Exercise requirements -> An exact copy is required of every line from the one with "Volvo XC60 2.0" through the end of the data below, and the pictures must stay out of it.

Exercise data ->
++++++++++++++++++++

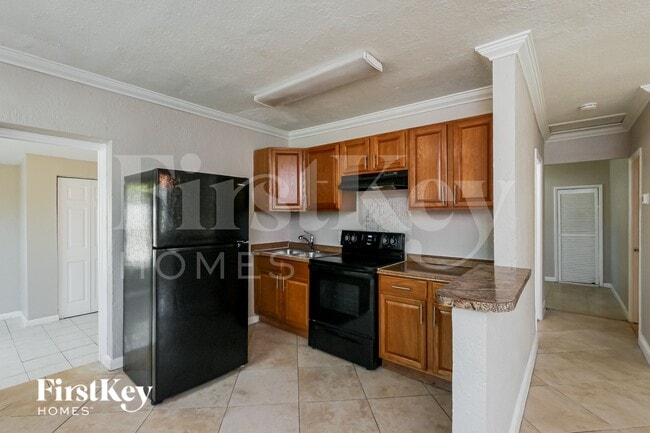 Building Photo - 1128 NW 7th Terrace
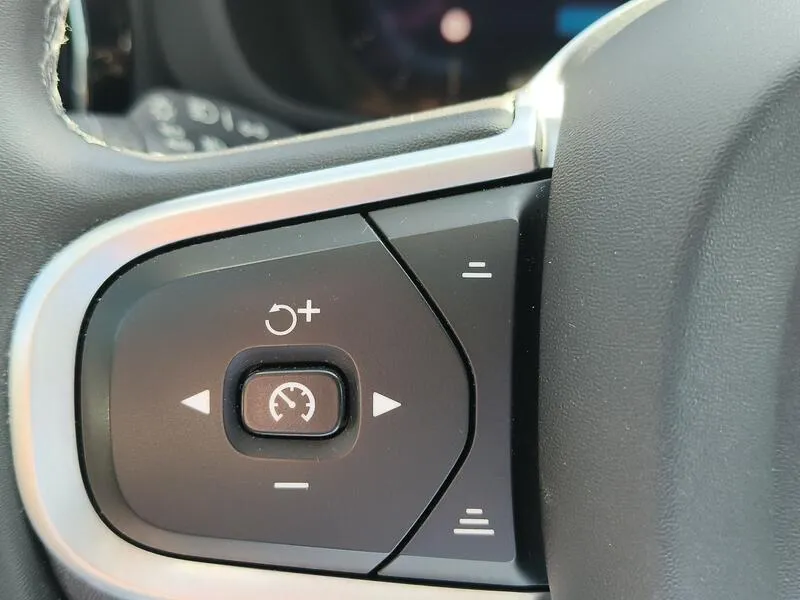 Volvo XC60 2.0 T6 AWD Recharge Inscription Exp - foto 27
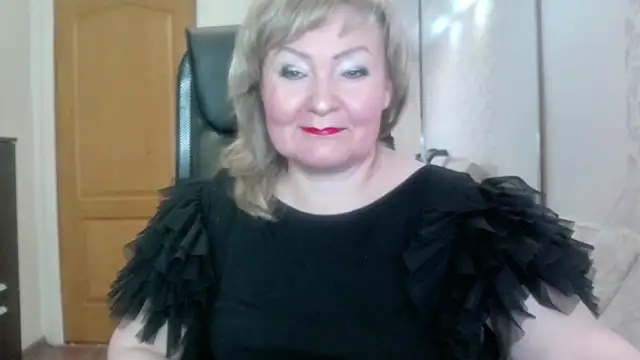 Snapshot of Victoria_secrets_ chatting on June 6, 5:34 am Victoria secrets online show from June 6, 5:34 am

++++++++++++++++++++

Exercise output ->
 Volvo XC60 2.0 T6 AWD Recharge Inscription Exp - foto 27
 Snapshot of Victoria_secrets_ chatting on June 6, 5:34 am Victoria secrets online show from June 6, 5:34 am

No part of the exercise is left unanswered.